6. Mystery Bag - Objects related to the lesson are placed in an opaque bag. The student puts his/her hand inside and touch the object. Without seeing it, the student tries to guess its name. The student who can identify the object may get a sticker from the teacher.
7.WH Time -Here the students ask either who, what, when, where, why, or how questions which can be answered by fellow student and so on and so forth.
6. Freire Code - Inspired by a Brazilian educator, Paolo Freire. This a thematic illustration of a situation composed of a lot of scenarios, people, objects, and details. This is shown to the students. The students say what they see, identify the problem, and come up with solutions. This is a thought provoking activity I like and will generate a lot of language from the students.
7. Psychological Tests -Like What's wrong with the picture? What is missing in the picure? How many faces can you see in the picture, etc.
8. Puppet Talk -Using stuffed toys and dolls, toys, etc. Students invent dialogues of any kind and share them in class.
9. Show and Tell - Students may take turn in bringing things of their choice - a collection, a gift, a valued object, etc. Two or three students share in front of the class each day.

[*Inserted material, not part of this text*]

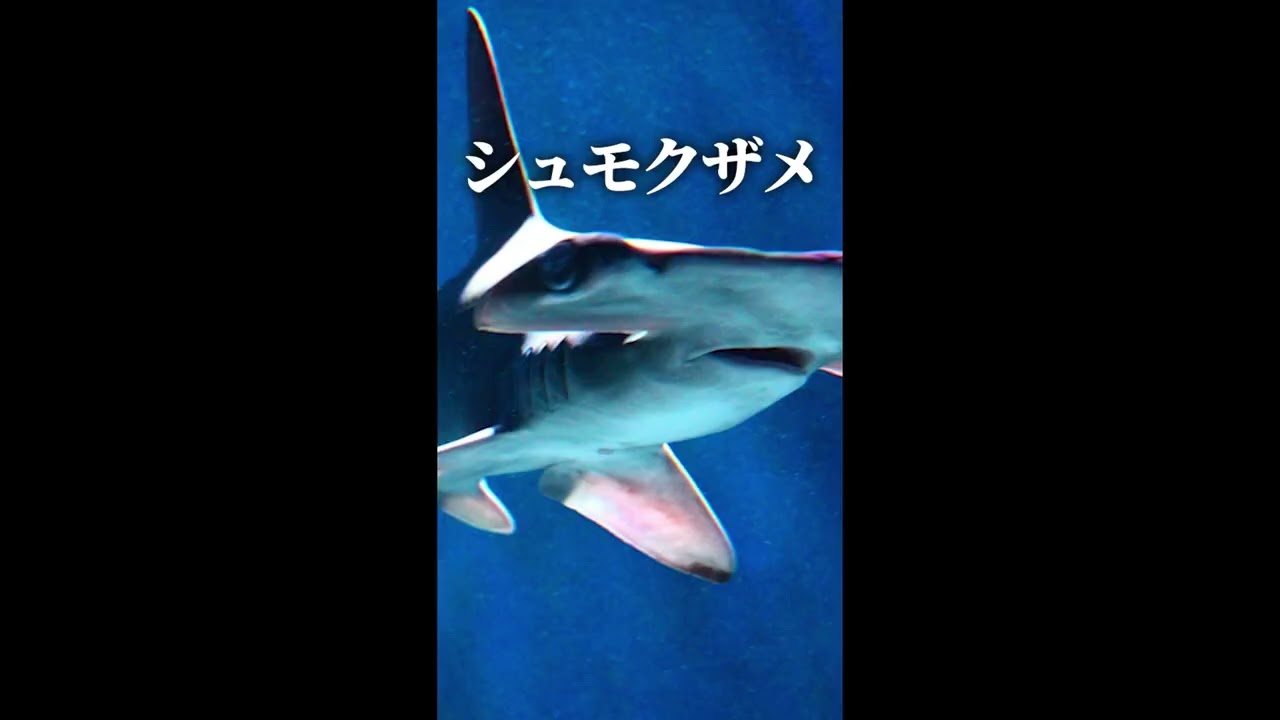 立体作品、ショート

You can try some of these starters. If they fail the first time, don't be discouraged. Give it another try and the second time you do it I'm sure it will turn out better. Tell you what, one reason why an activity sometimes plops is because the inst ruction isn't very clear, thus they couldn't grasp the mechanics well. Remember, our students are foreign or second language learners. Once they understand it they will surely enjoy it and they will clamor to have similar activity for the succeeding days.
You can also replicate your own starters and have them patronized by your students.
Would you like to try these starters in your own classes? Tell me later if it worked or not. Have fun!